The tools and resources for global business intelligence have changed dramatically over the last couple of decades. Now the modern enterprise can do things that businesspeople wouldn’t have thought possible in the not-so-distant past. Much of this can be attributed to the proliferation of data that we now have available, in addition to a massive expansion in processing power and the development of many new business tools. With companies relying on servers rather than mainframes, individuals and teams also have much better access to relevant, useful data when they need it. Innovators are sure to continue improving our technological capabilities in the future, as well, so there’s no telling what sort of resources will be available 10 or 20 years from now. Just consider where we’ve been, and how far we’ve come.
A Constantly Evolving Market
Business intelligence is one of the most vibrant and ever-changing markets in the software industry, thanks to the work of pioneering software developers at a variety of burgeoning technology companies. New products can be seen on television ads and in a variety of reputable publications. While business intelligence may have once been the realm of IT professionals at massive corporations, it is now considered a legitimate tool for businesses of all sizes. Today’s business intelligence solutions don’t only appeal to information technology experts, but also to business leaders at all levels, including Chief Executive Officers for major corporations, as well as small business owners.

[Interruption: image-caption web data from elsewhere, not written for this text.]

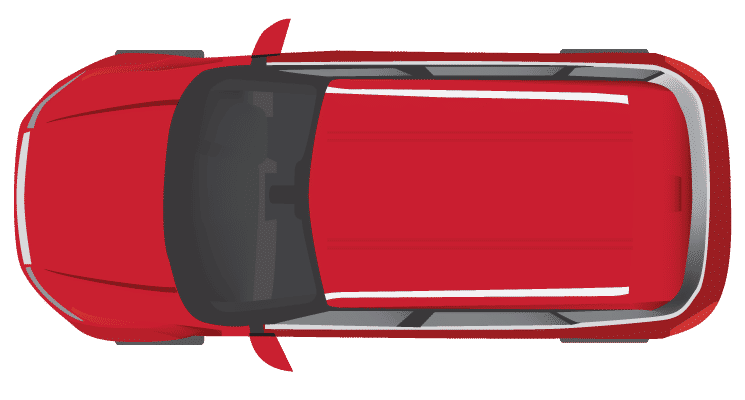 Car top view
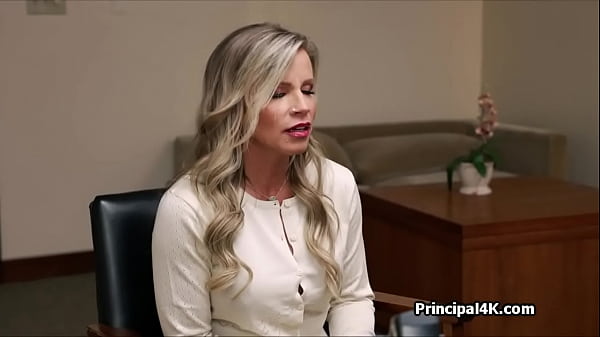Milfs deep pussy drilling on the head teachers desk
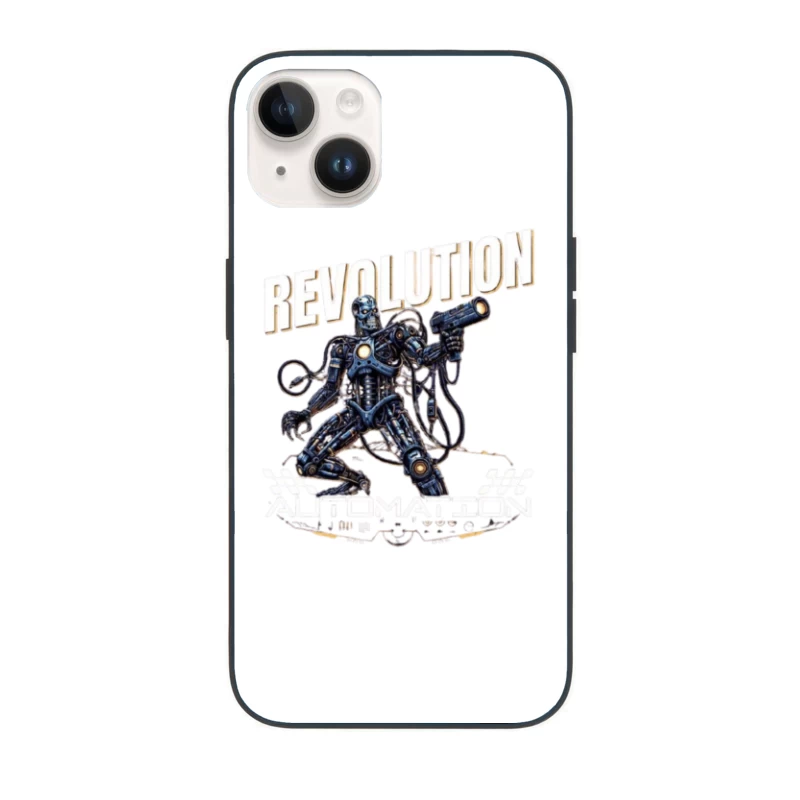 Combat Robot Revolution Sci-Fi Art iPhone Case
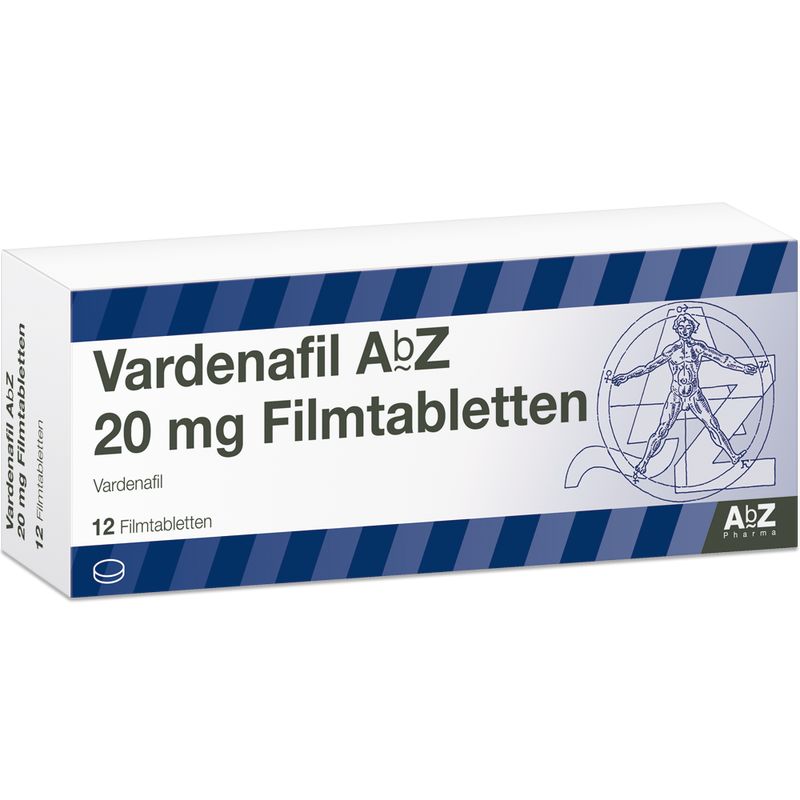 VARDENAFIL AbZ 20 mg Filmtabletten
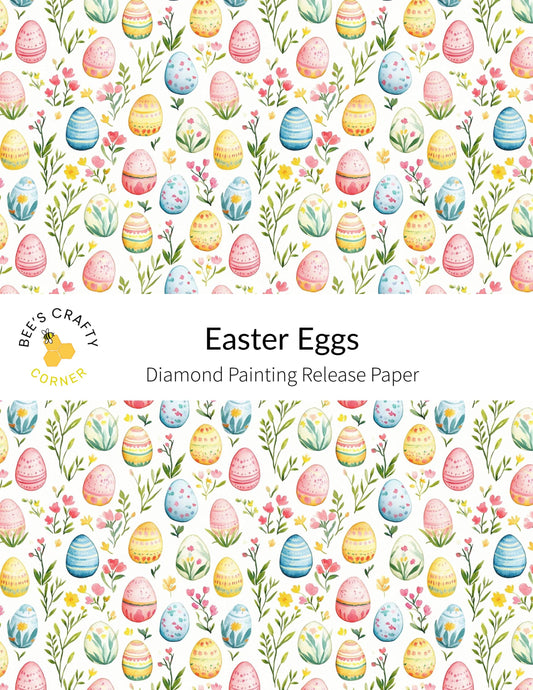 RELEASE PAPER | Easter Eggs - Reusable Patterned Diamond Painting Release Paper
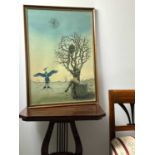 Struck, Paul (1928-2015), Aquarell surrealistisch um 1984 Anima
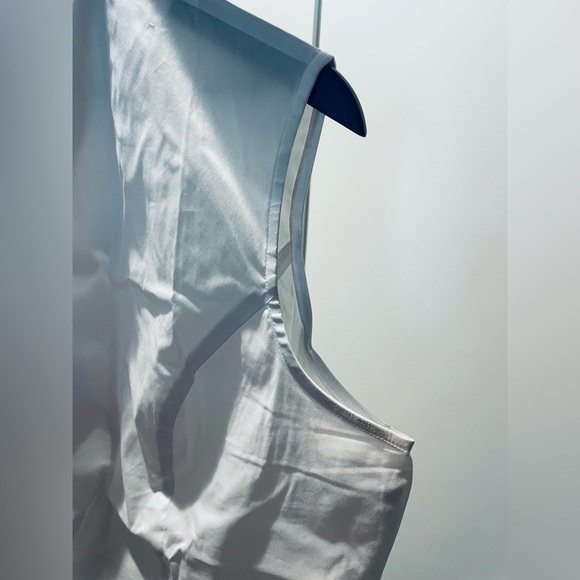 Ming Wang Mandarin Collar Sleeveless Zipper Front Cotton Blend Washable L Blouse - Picture 8 of 8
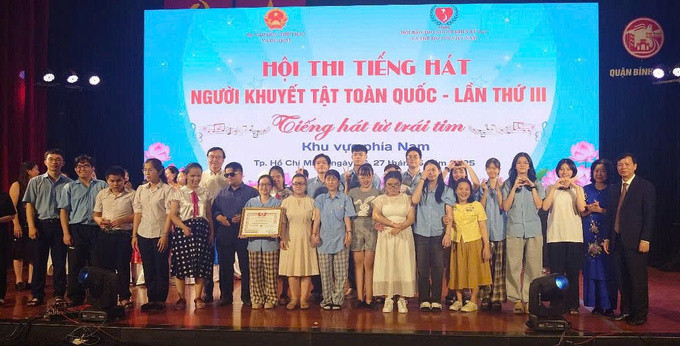 TP. HCM giành giải nhất hội thi tiếng hát người khuyết tật toàn quốc lần thứ III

Business Intelligence From the ‘90s to Now
Business reporting was quite primitive before 1990, at least compared to the tools we now have available. Companies relied on very basic programming languages for their reporting and there weren’t really any technology tools designed specifically for business intelligence purposes. After 1990, however, we began to see software developers working on more BI-specific tools. Data warehousing became possible after 1990, and by 1995 there were even some platforms explicitly designed for business intelligence. By the turn of the century, there was a range of business intelligence applications that were developed specifically for the purpose of tracking and managing performance levels. By 2007, we began seeing companies such as IBM, Oracle and SAP Software Solutions introducing their own applications to the consumer market. Just a few years later, drive processes for analytics were being developed and fine-tuned. Now, businesses have access to some of the most cutting-edge tools ever to manage their business performance and make more strategic marketing and operational decisions. Business intelligence consultants are also available to help businesses make the most of these resources.
Where We’re Going Next
With so much growth and development in the global business intelligence industry over the last two decades, it may seem like there’s nowhere else to go. So many new tools, methods and products have been introduced that you may assume the growth in this software market must inevitably slow down. This isn’t necessarily true, though. More segments of the business intelligence market are likely to consolidate, and super-powered software companies will continue enabling innovative engineers to develop new tools, products and methods. Cloud technology is still in its infancy, so there’s no telling what sorts of advancements will be made on this frontier. Businesspeople and information technology experts have also been calling for improvements to the methods for accessing and evaluating data in the forms of clickstream information, documents, emails and web pages. The data we have available continues to grow, and soon enough we will require new tools for managing all this content. There’s truly no telling what business intelligence solutions we will have at our fingertips in the world of tomorrow, especially considering just how far we’ve come.